(Supplied records Opens)

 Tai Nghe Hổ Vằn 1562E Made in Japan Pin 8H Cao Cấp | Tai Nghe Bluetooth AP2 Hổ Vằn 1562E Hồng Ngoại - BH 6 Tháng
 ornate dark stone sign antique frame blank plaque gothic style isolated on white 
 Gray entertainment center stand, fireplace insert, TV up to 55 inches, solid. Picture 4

(Supplied records Closes)
(Supplied records Opens)

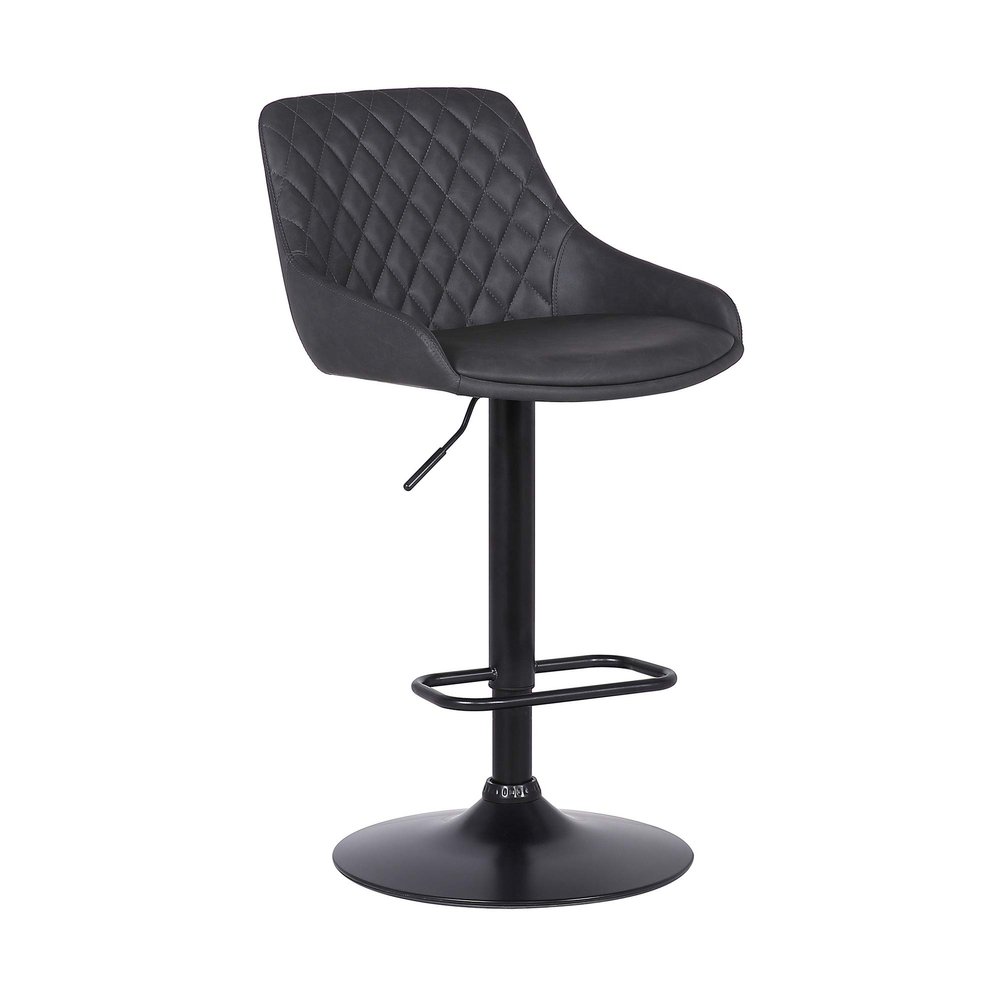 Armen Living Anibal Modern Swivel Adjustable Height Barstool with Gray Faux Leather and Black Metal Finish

(Supplied records Closes)

In the listing above, start at the line with "Tai Nghe Hổ", go on through the line with "Gray entertainment center", and copy each of those lines exactly; leave out all the rest.

 Tai Nghe Hổ Vằn 1562E Made in Japan Pin 8H Cao Cấp | Tai Nghe Bluetooth AP2 Hổ Vằn 1562E Hồng Ngoại - BH 6 Tháng
 ornate dark stone sign antique frame blank plaque gothic style isolated on white 
 Gray entertainment center stand, fireplace insert, TV up to 55 inches, solid. Picture 4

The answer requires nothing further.